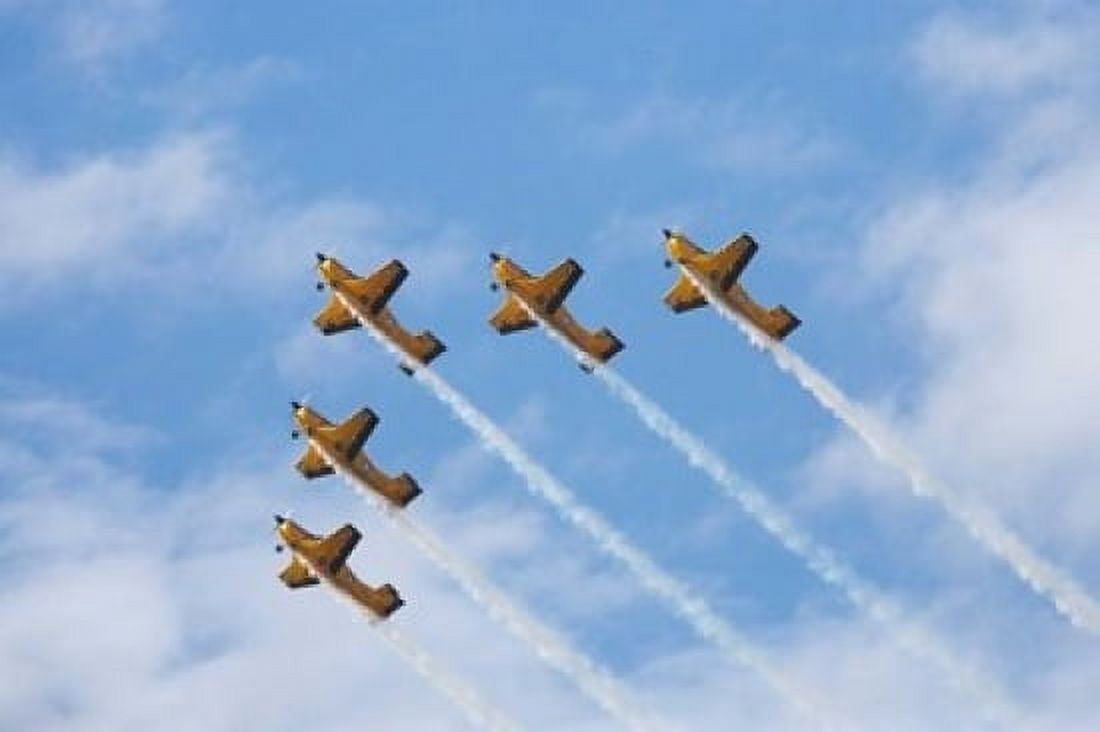 Vintage Airplanes Canvas Art - David Wall DanitaDelimont (17 x 11)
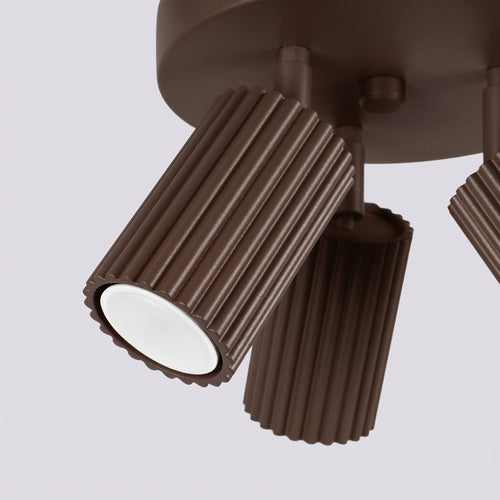 Sollux Lighting Plafondlamp KARBON 3P bruin - 19,5x19,5x18cm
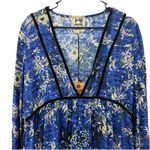 Jaase NWT  Blue Floral Long Sleeve Tiered Boho Jessie Dress Size LARGE‎ Photo 9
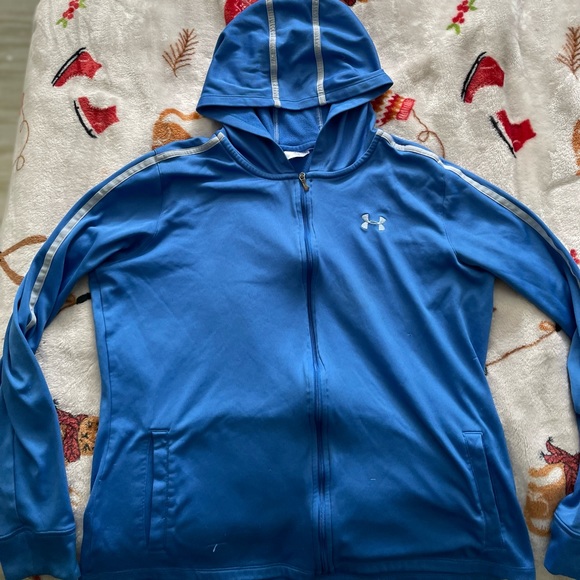 Under armour blue zip up hoodie - Picture 4 of 4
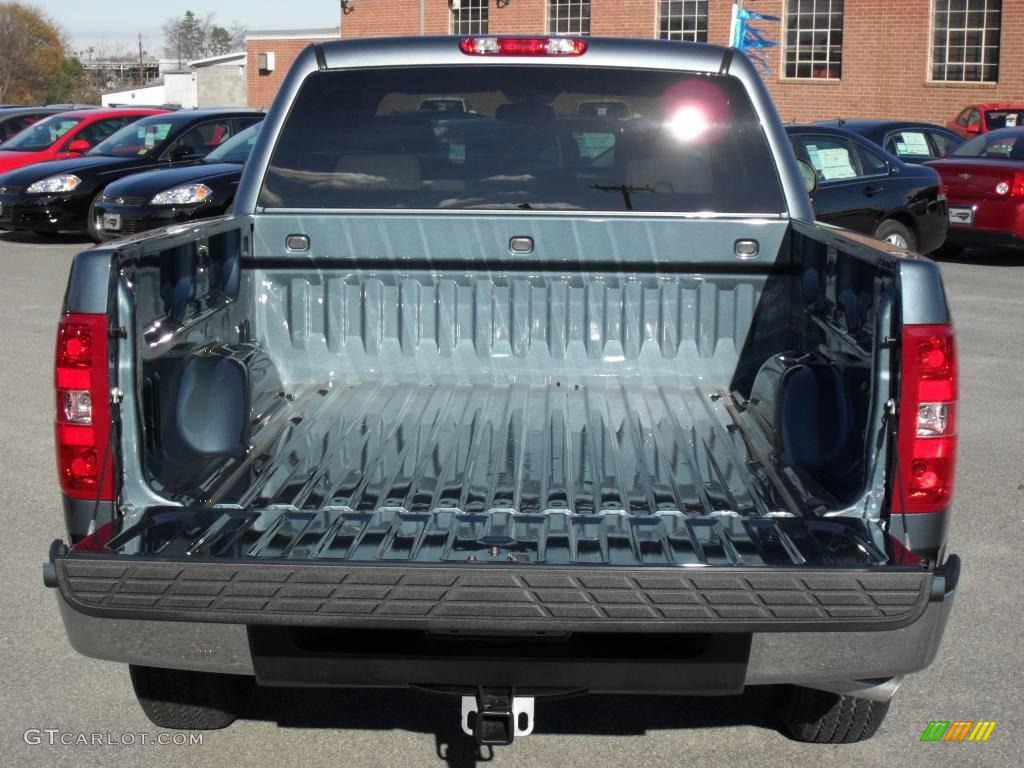 2009 Silverado 1500 LT Crew Cab - Blue Granite Metallic / Light Titanium photo #4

> **WORK REQUIRED**:
All of the data must be repeated exactly, except for the pictures.

> **TASK RESPONSE**:
 Vintage Airplanes Canvas Art - David Wall DanitaDelimont (17 x 11)
 Sollux Lighting Plafondlamp KARBON 3P bruin - 19,5x19,5x18cm
 Jaase NWT  Blue Floral Long Sleeve Tiered Boho Jessie Dress Size LARGE‎ Photo 9
 Under armour blue zip up hoodie - Picture 4 of 4
 2009 Silverado 1500 LT Crew Cab - Blue Granite Metallic / Light Titanium photo #4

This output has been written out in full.